Scegliamo minestra maritata e migliatieddi per secondo. Ovviamente Vino rosso locale.

I migliatieddi sono tipici di quest’area della Lucania: involtini composti dalle frattaglie di agnello cucinato e condito secondo ricette tradizionali. Il vino, prodotto qui, è un incontro di vitigni eterogenei, in particolare Calatamuro, Malvasia ed ovviamente Aglianico, è ottimo.

Proprio il vino sarà il filo conduttore per la visita di questo antico paese lucano: Pietragalla.

Da sempre il vino per il contadino ha rivestito una posizione di centralità culturale, economica ed alimentare. Le sue origini risalgono alla Preistoria; sono così antiche da confondersi con la stessa storia dell’umanità.

La presenza della Vitis vinifera risale ad oltre 9.000 anni fa. Da allora è stato motivo di conversazione, confronto, tradizione, famiglia e un bicchiere in più toglie i pensieri.

Fino a non molti anni fa chiunque avesse anche un solo pezzetto di terra, preparava il vino per la propria famiglia e se poteva ne vendeva qualche litro per coprire le spese.

Oggi Pietragalla è all’attenzione turistica per Il “Parco Urbano dei Palmenti”. Una collina in cui sono ubicate, una affianco all’altro, una sovrapposta all’altra, semi nascoste nel terreno, piccole costruzioni, che assomigliano a chiesette.

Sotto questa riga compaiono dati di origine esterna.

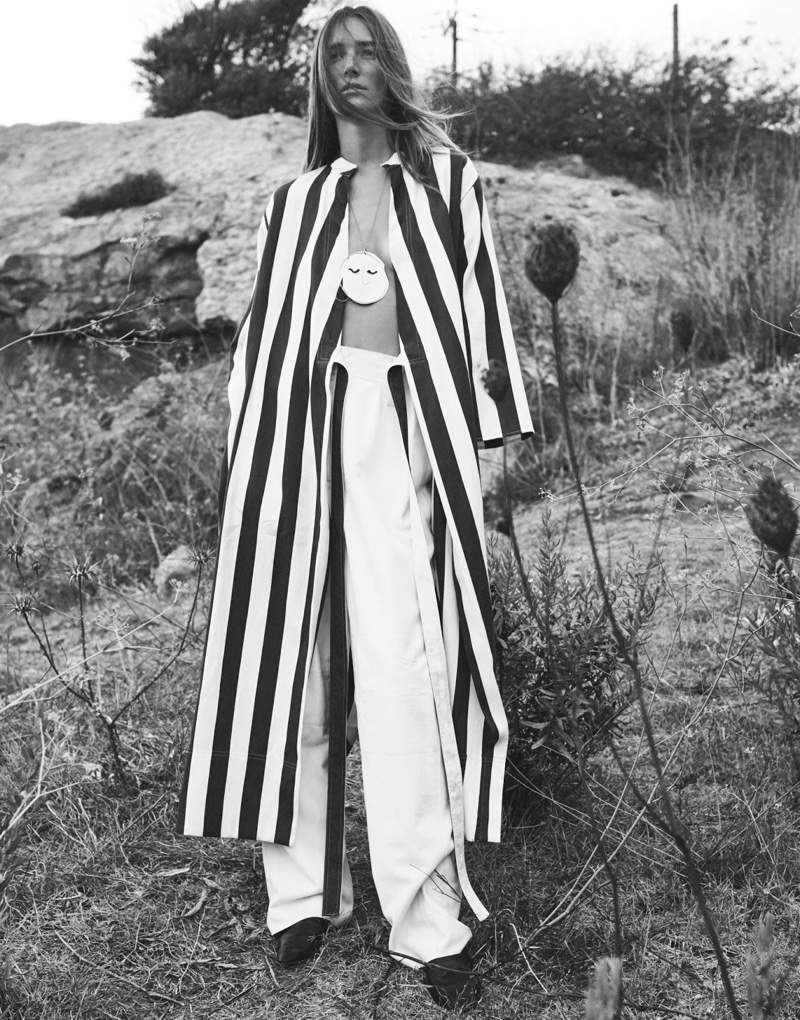 Photographed in black and white, the model wears Joseph robe, Tibi pants, Vince shoes and J.W. Anderson necklace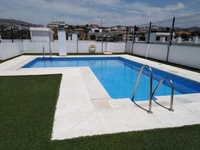 Cozy apartment with a rooftop pool near the beach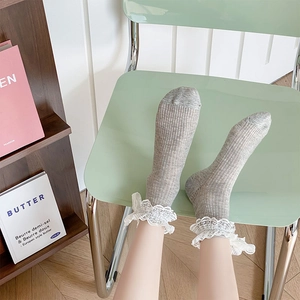 Detailed view of grey ribbed mid-calf socks with delicate white lace trim and bow accent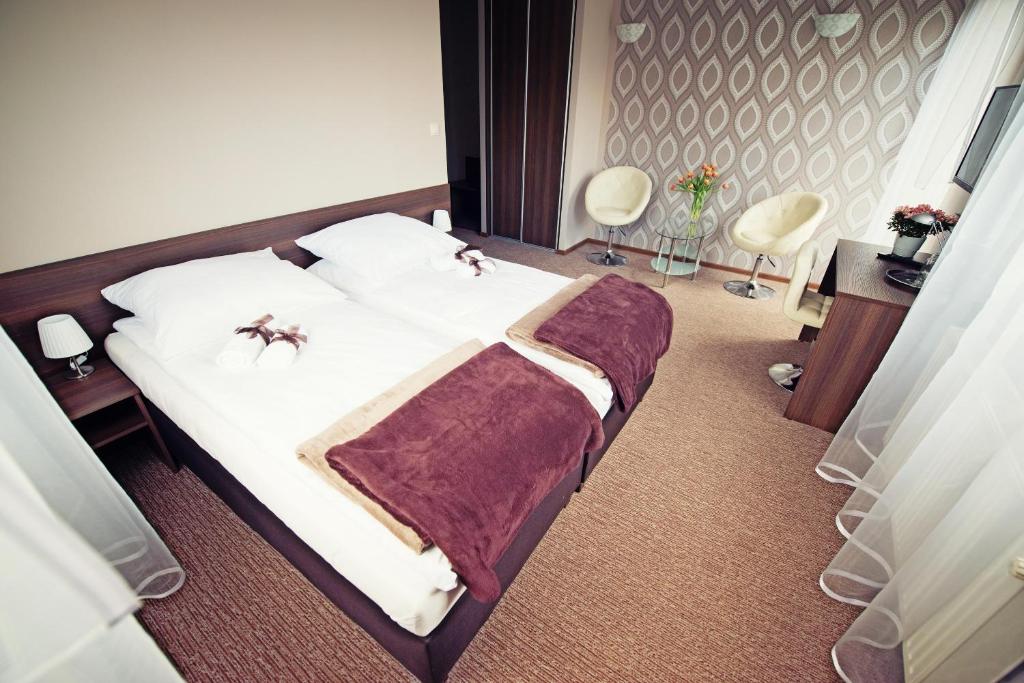 a bedroom with a bed and two chairs at Makara in Katowice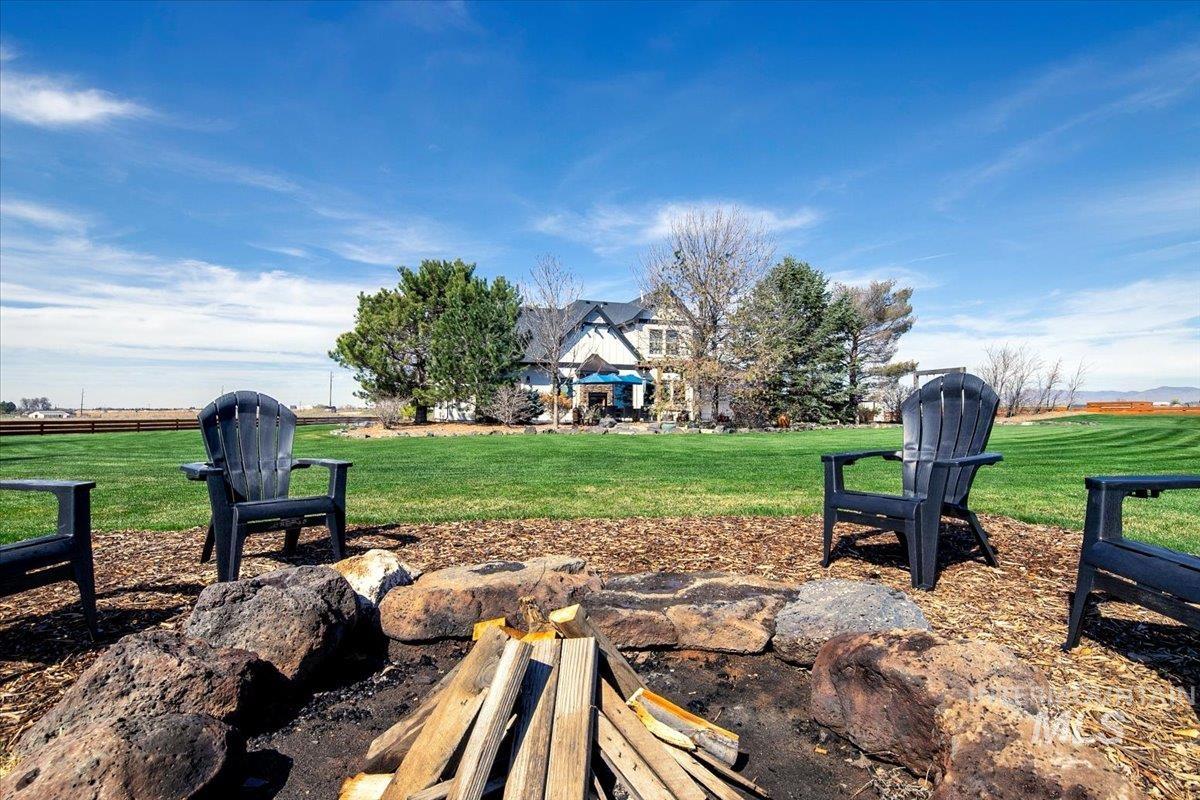 Outdoor fire pit area with stone surround and wood chip base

Nei palmenti, fino alla fine degli anni sessanta, avveniva la pigiatura e la fermentazione dei mosti. Ogni palmento è costituito da una porta d’accesso e da un piccolo ambiente interno che contiene due o quattro vasche differenziate (due per il vino rosso e due per il vino bianco).

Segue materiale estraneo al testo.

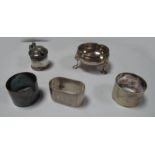 A Hallmarked Silver Salt, raised on three hoof capped feet; three hallmarked silver napkin rings,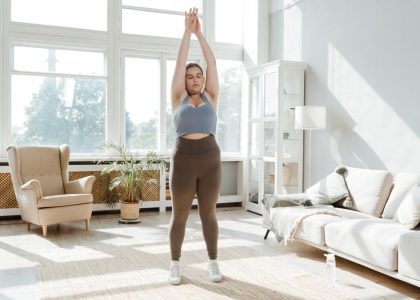 A woman practices stretching exercises in a sunlit living room, promoting wellness and healthy lifestyle.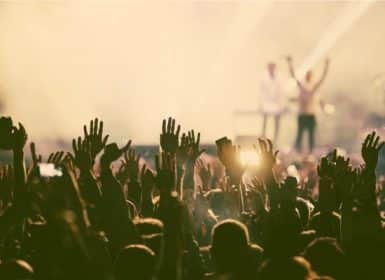 Large crowd of people raising their arms in the air at a concert with a band on the stage in the background in the Napa Valley Wine Country
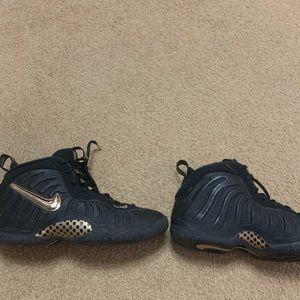 Black and gold Nike Foamposite Pros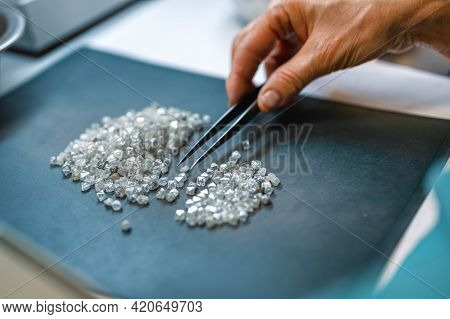 Manual Sorting Of Diamonds. A Hand With Tweezers Transfers Diamonds From One Pile To Another.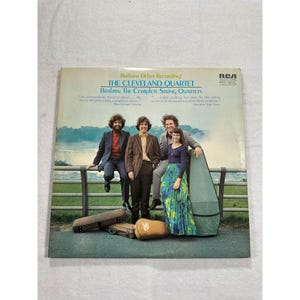 May include: Album cover for "Brahms: The Complete String Quartets" by The Cleveland Quartet. The cover features a photo of the quartet standing near a fence. The album is a "Brilliant Debut Recording" on the RCA Red Seal label.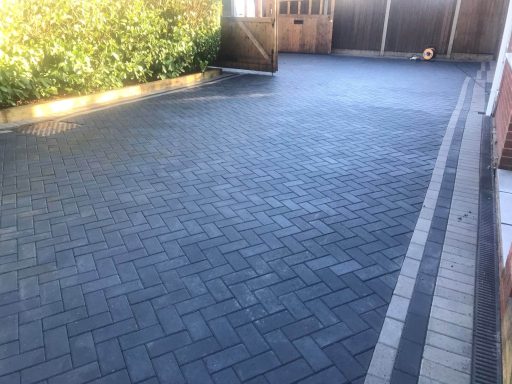 Paved driveway with a herringbone pattern and wooden gate in the background.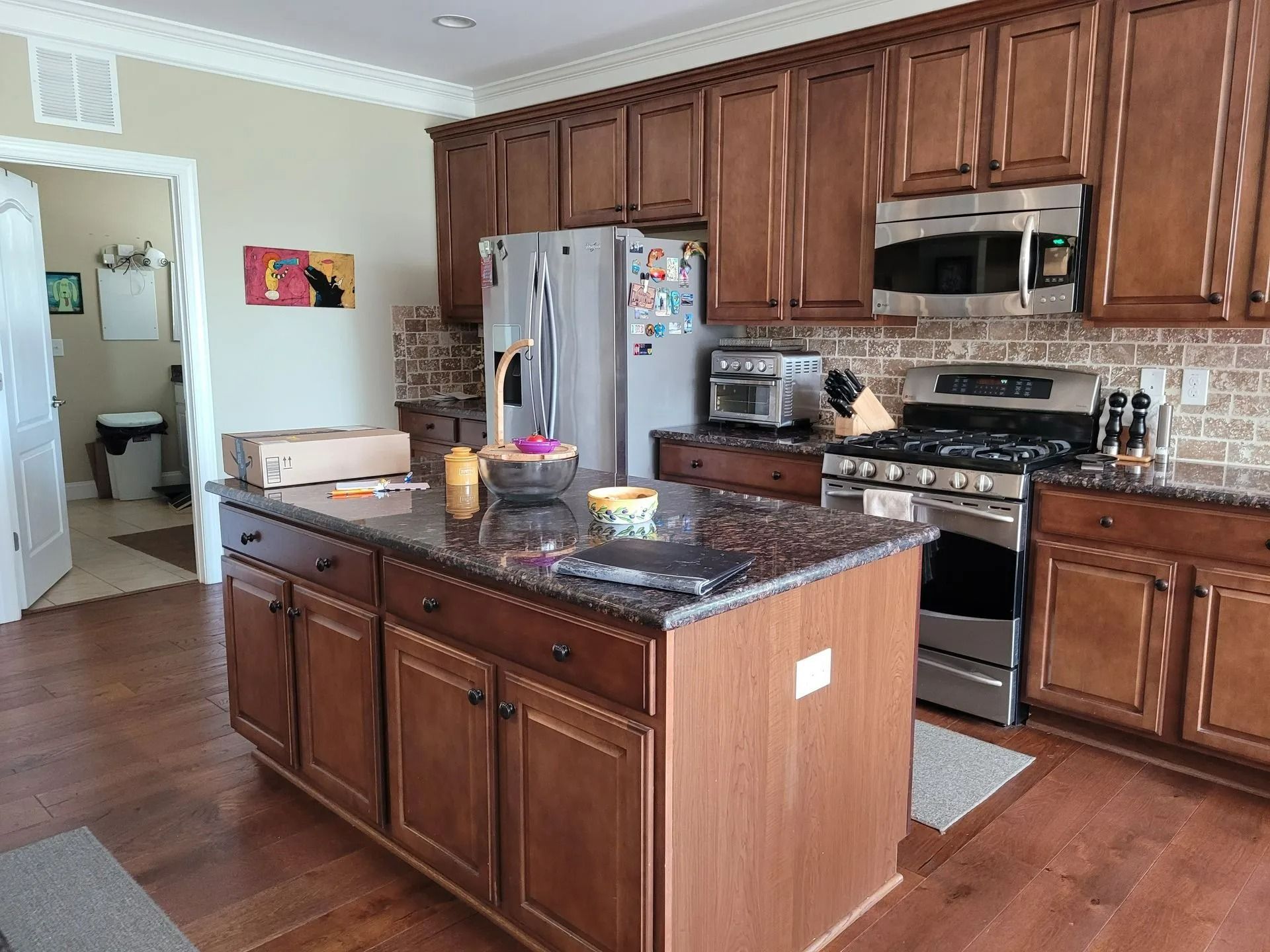 Bright kitchen with wood cabinets, granite island, stainless appliances, and hardwood floors.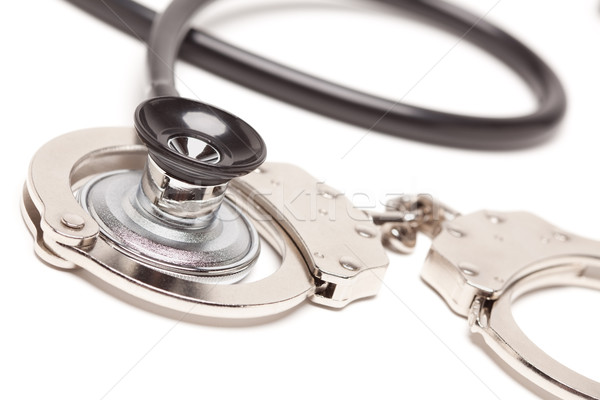 Stethoscope and Handcuffs on White Stock photo © feverpitch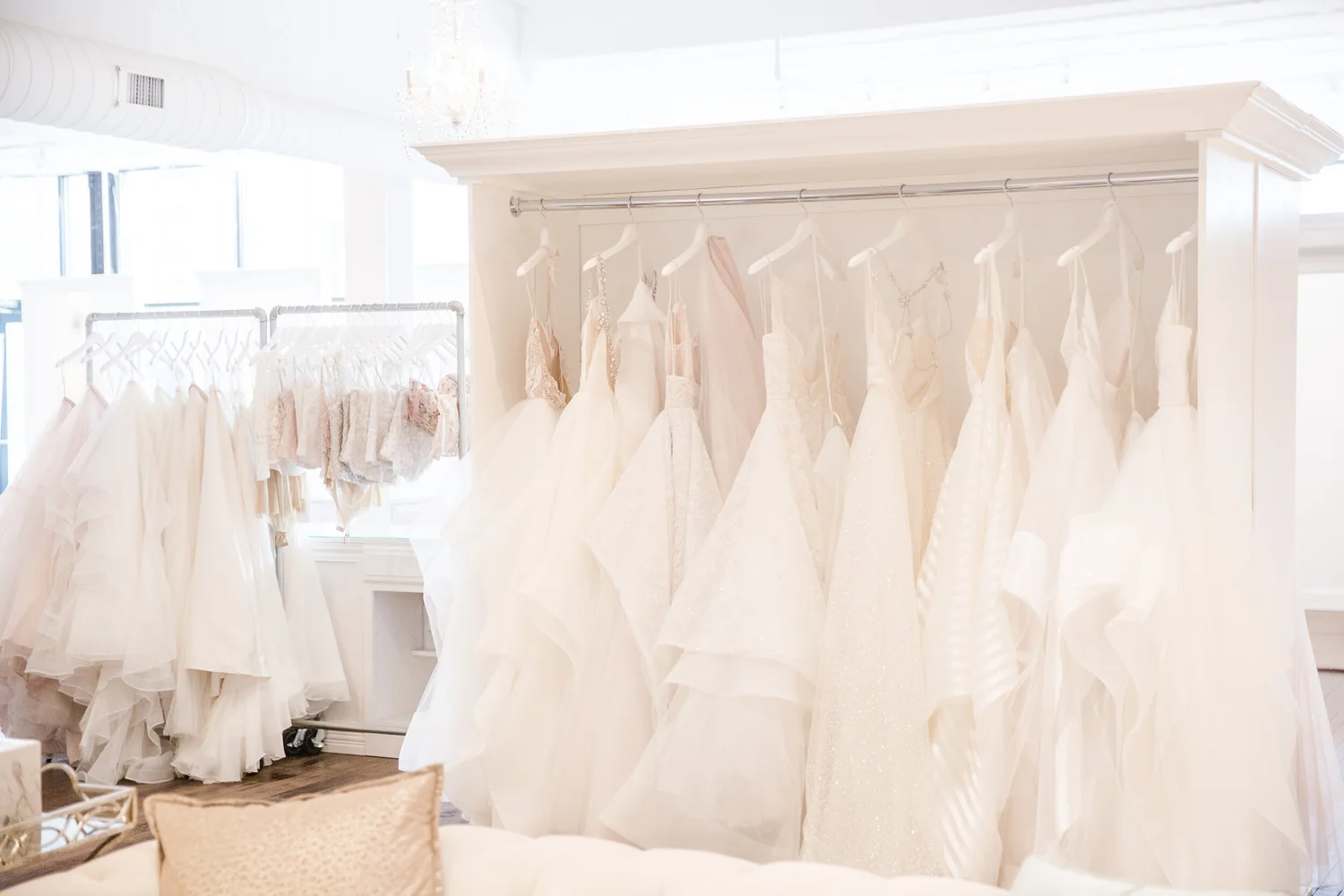Wedding dresses hanging at La Jeune Mariee Bridal Boutique in Columbus Ohio.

L’uva, raccolta nei vigneti circostanti, veniva versata nella prima vasca, larga e bassa, e pigiata a piedi nudi. Il mosto, attraverso un foro, cadeva nella vasca sottostante, dove fermentava.

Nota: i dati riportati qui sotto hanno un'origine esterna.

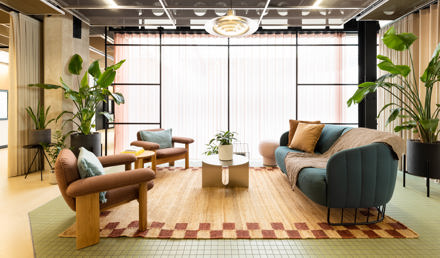 A contemporary lounge area with sofas, armchairs, coffee tables, indoor plants and floor-to-ceiling windows in a modern workspace.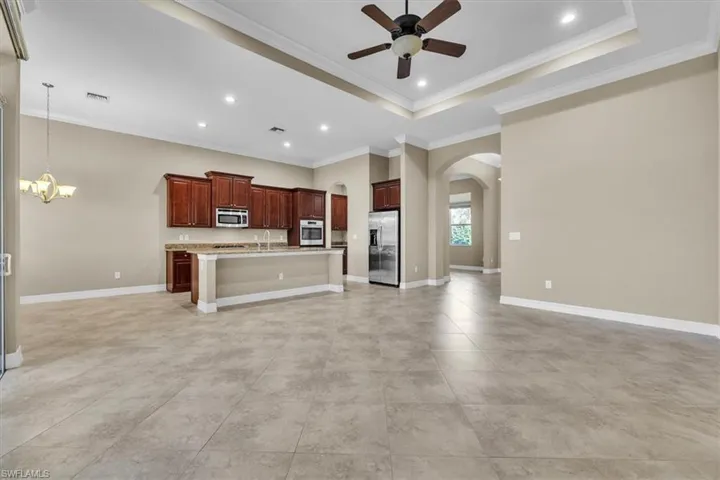 Kitchen featuring open floor plan, arched walkways, a ceiling fan, a center island with sink, and crown molding
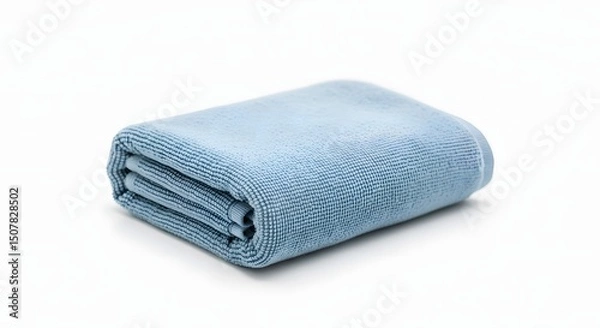Obraz A small, neatly folded microfiber gym towel in a light blue color, on a clean white background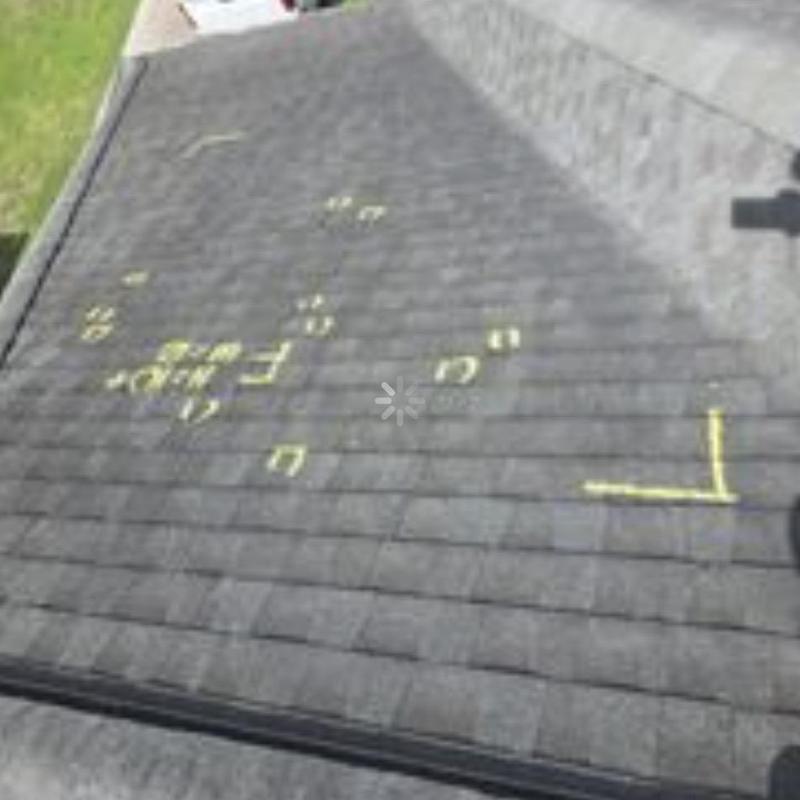 Roof shingles with marked hail damage spots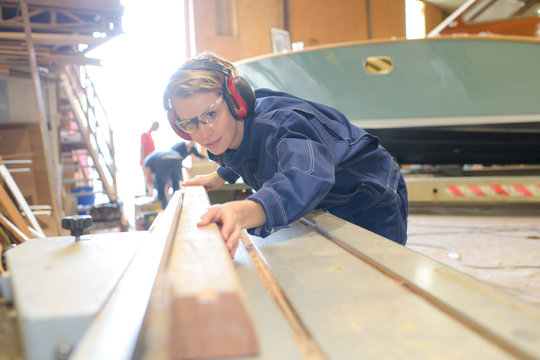 Female Ship Builder At Work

Una feritoia, al di sopra del varco di accesso, consentiva la fuoriuscita dell’anidride carbonica. Dopo circa venti giorni di fermentazione, il vino veniva trasportato in luoghi più freschi, ideali per l’affinamento: le caratteristiche cantine-grotta dette “Rutt” e messo in botti.

Dopo pranzo, Vito ci accompagna a visitarle. Sono sparse per tutto il paese, alcune ancora in buone condizioni, altre abbandonate. In esse sembra di ascoltare il rumore del mondo antico, del mondo contadino, che entrato dalla porta, unica via d’accesso, si è propagato in ogni angolo ed è rimasto lì, intrappolato tra quelle pareti, da secoli.

Immagino i tempi in cui quel luogo respirava profondamente; mi sembra di percepire gli uomini al lavoro, i gesti, i pensieri, i momenti delle storie che quelle pareti conservavano, provo a intercettare i loro segreti. Ci addentriamo, poi, nel nucleo centrale del paesino ad ammirare il Palazzo Ducale e a passeggiare per gli stretti vicoli di pietra, tra ponti, archi, scalinate e finestre a sesto acuto.

In uno di essi, su ogni gradino di una breve scalinata, c’è trascritto un rigo di una stringata poesia: Che ritorni l’incanto / Dei brevi anni / Avrò la fionda a sera / Sotto il cuscino, / il cuore che canta / nella notte chiara. Sullo scalino più basso è riportato il nome dell’autore: M. Leone Barbella. Scatto una foto per memorizzare poesia e nome dell’autore e andiamo via.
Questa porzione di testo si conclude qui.